In contrast to biotic factors, abiotic factors such as mild heat (up to 35 °C) did not significantly change the relative contributions of the different VOC classes (monoterpenes, sesquiterpenes and others, as described in Method) for both constitutive emissions (Supplementary Fig. 2) and induced emissions (Supplementary Fig. 3). Within each class, the contribution of some individual compounds changed, most distinct in the ‘others’ class, because specific compounds respond to temperature changes differently (cf. Supplementary Fig. 4). However, even mild heat increased the total VOC emissions for both types of emissions substantially (Fig. 3), consistent with previous studies9,29. Accordingly, heat led to larger SOA particles under similar photooxidation conditions, but the κ values of the SOA remained relatively invariant as temperature changed, with a seemingly small decreasing trend with increasing plant temperature. For the SOA from constitutive emissions, the difference of κ between 25 and 35 °C are not statistically significant (t-test, P=0.09) and for the SOA from induced emissions, the difference in κ is significant only for the entire temperature interval of 22–34 °C (t-test, P=0.017, Fig. 3). The latter may be partly due to the detailed changes in the ‘others’ class or minor variations in the contributions of specific VOC classes. In this study, the particles were formed by homogeneous nucleation which means that particle number and particle size increased with increasing emissions. In the presence of pre-existing particles, only the size of the particles will be affected.

Figure 3: Effect of heat on emission amounts and particle properties.
Figure 3

The mixing ratios of total volatile organic compounds (VOC) from plant emissions (black bar, note log axis), median diameter of aerosol particles (red bar) and hygroscopicity parameter κ (blue bar) is plotted as a function of plant temperature. The constitutive emissions from unstressed pine trees and induced emissions from stressed mixed boreal trees are shown. The error bars represent the s.d. of the measurement (the detailed number of measurements included in Supplementary Table 4). For constitutive emissions at 20 °C, κ data are not available (noted by *) because particle sizes were too small (median diameter 26 nm) for cloud condensation nuclei (CCN) activation measurements.

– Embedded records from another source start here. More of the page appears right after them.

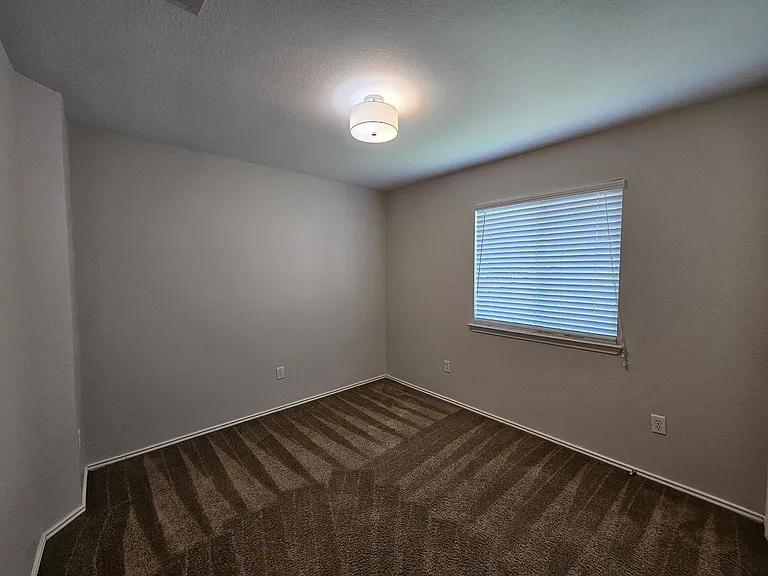 5311 Bridgewood Dr — Photo 20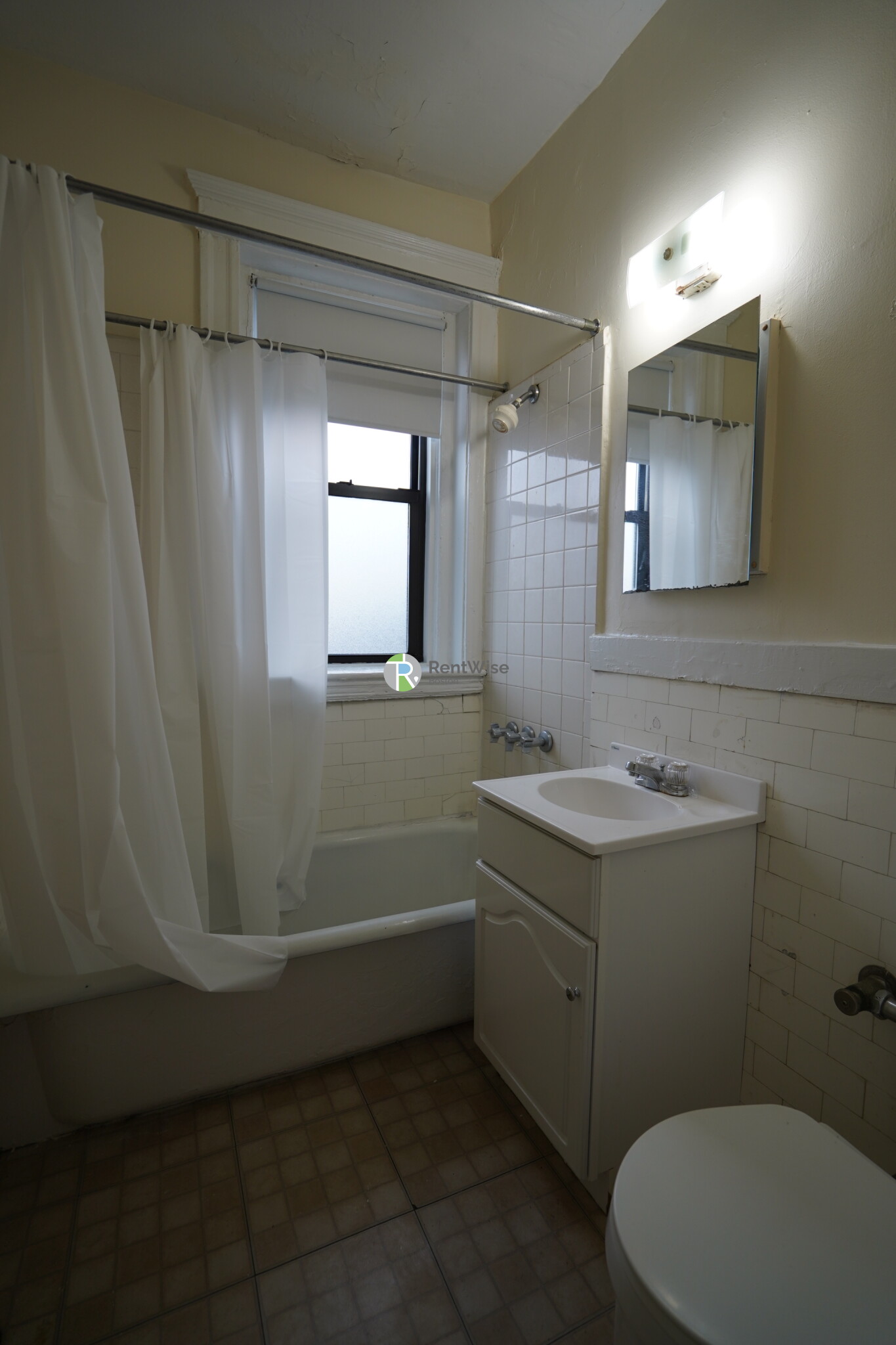 1144 Commonwealth Ave, North Brookline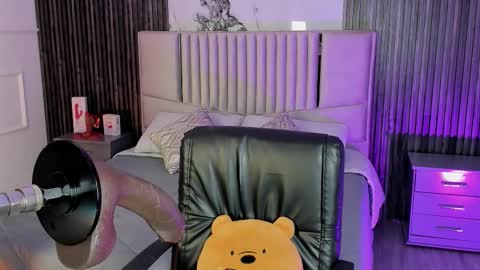 Lilly Ortiz online show from December 13, 8:48 pm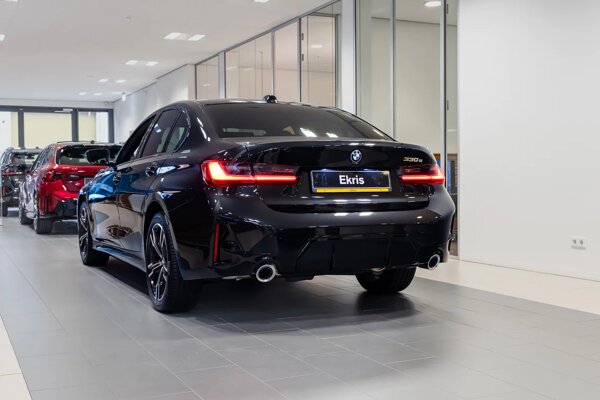 bmw-330e-sedan-5.jpg
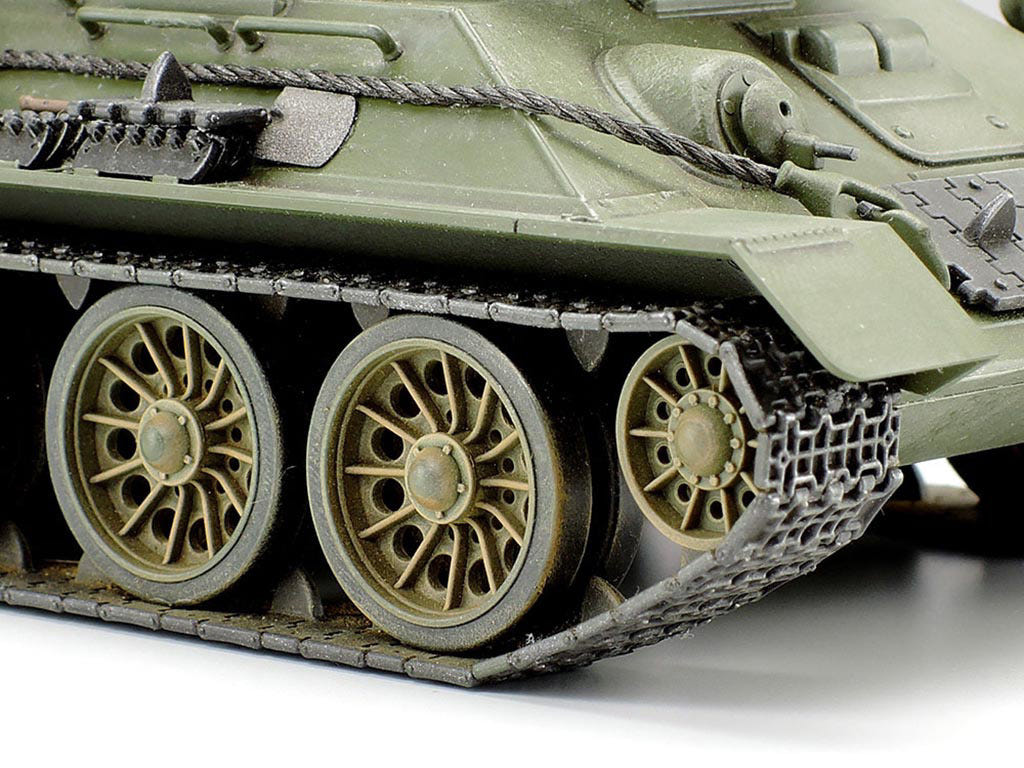 Tamiya 1:48 Russian Med Tank T34/85 - 32599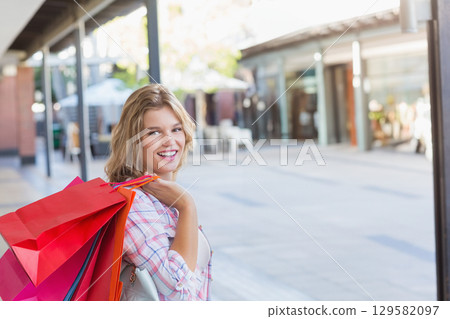 shopping, bags, woman 129582097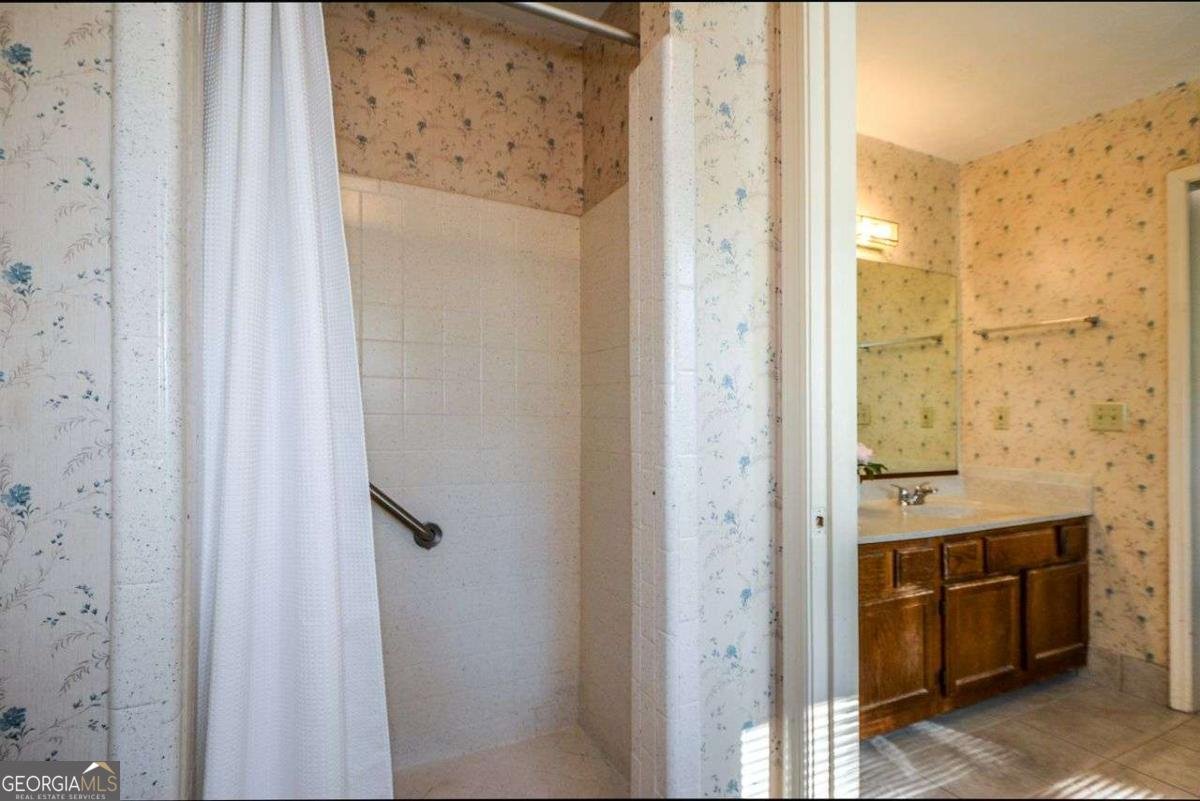 5610 Surrey Court Alpharetta - 27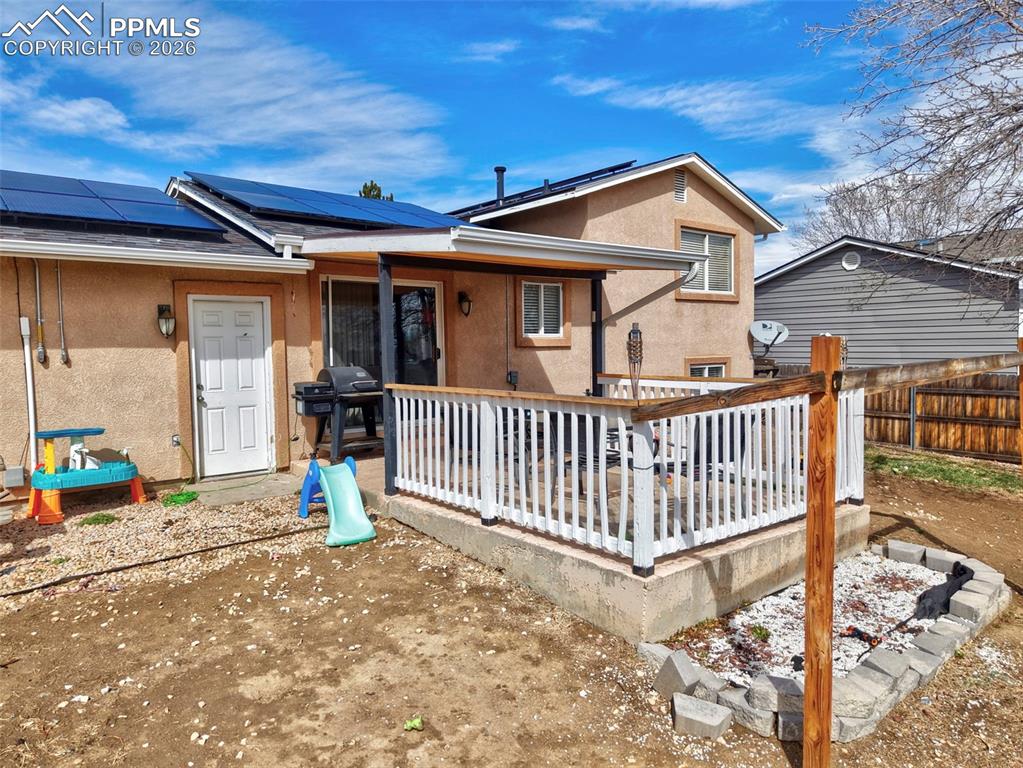 Image 31 of 32: Back of Structure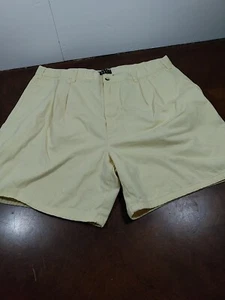 Trader Bay Shorts Sz 40 Yellow Chino Pleated Front 100% Cotton Pockets Mens Nice - Picture 1 of 17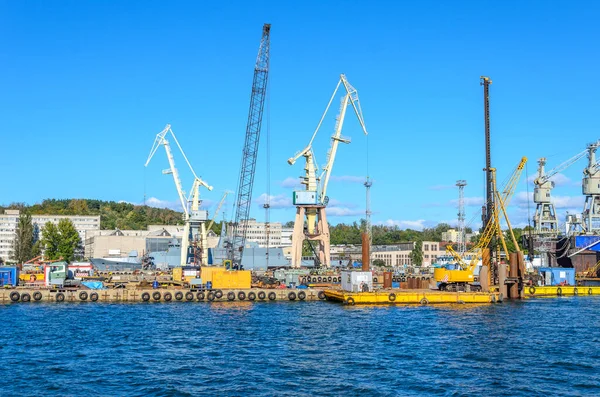 Tersanede turnalar, Gdynia Limanı, Polonya.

The CCN activity of particles is determined by their size and hygroscopicity7,11,30. The effect of elevated plant temperature on particle size was dramatic due to the substantial increase in the amount of VOC emitted and thus their oxidation products, which enhanced particle growth by condensation. However, the effect of elevated plant temperature on κ itself was small, which is attributed to the overall little change in the emission composition. κ determines the critical diameter for CCN activation. Larger aerosol size at constant κ implies that more particles will be activated and more cloud droplets will be formed (see also Supplementary Fig. 5). Moreover, the effect of mild heat on particle size and κ is independent whether the emissions are constitutive or induced. The effect of heat in the case of induced emissions by biotic stress represent the effect of co-occurring stressors, a common situation for plants under natural conditions31.

In addition to heat, we also investigated the effect of water shortage (drought) on plant VOC emissions. Similar to the effect of heat, we found that with monoterpenes dominating the total emissions (>80%), the general emission composition of a pine did not change much with drought (Supplementary Fig. 6a). However, drought decreased the total amount of emissions (by up to 30%, Supplementary Fig. 6b). The magnitude of the response of VOC emissions to drought was relatively insensitive compared with heat. We conclude that decreasing VOC emissions by drought should affect the CCN activity of SOA in the opposite way as heat, and the overall effect would be a smaller activated fraction and less cloud droplets.

Discussion

Biotic and abiotic stressors affect VOC emissions of plants and therefore the resulting SOA. Increased temperatures increase VOC emissions9,29 promoting particle growth leading to a higher number of particles larger than 100 nm, that is, higher fractions of CCN active particles in the boundary layer12,32,33,34. Biotic stresses enhances the SOA mass concentration16,17,18 and a model study assuming an increase of monoterpene emissions indicates higher aerosol and CCN concentrations in forests influenced by insect outbreaks17. The results, presented here for the first time, directly show how environmental conditions of plants can affect the CCN activity of biogenic SOA via the plants’ emissions: biotic stresses by causing induced VOC emissions, modifying hygroscopicity, or abiotic stresses by changing the amount of constitutive VOC emissions, affecting particle size distribution.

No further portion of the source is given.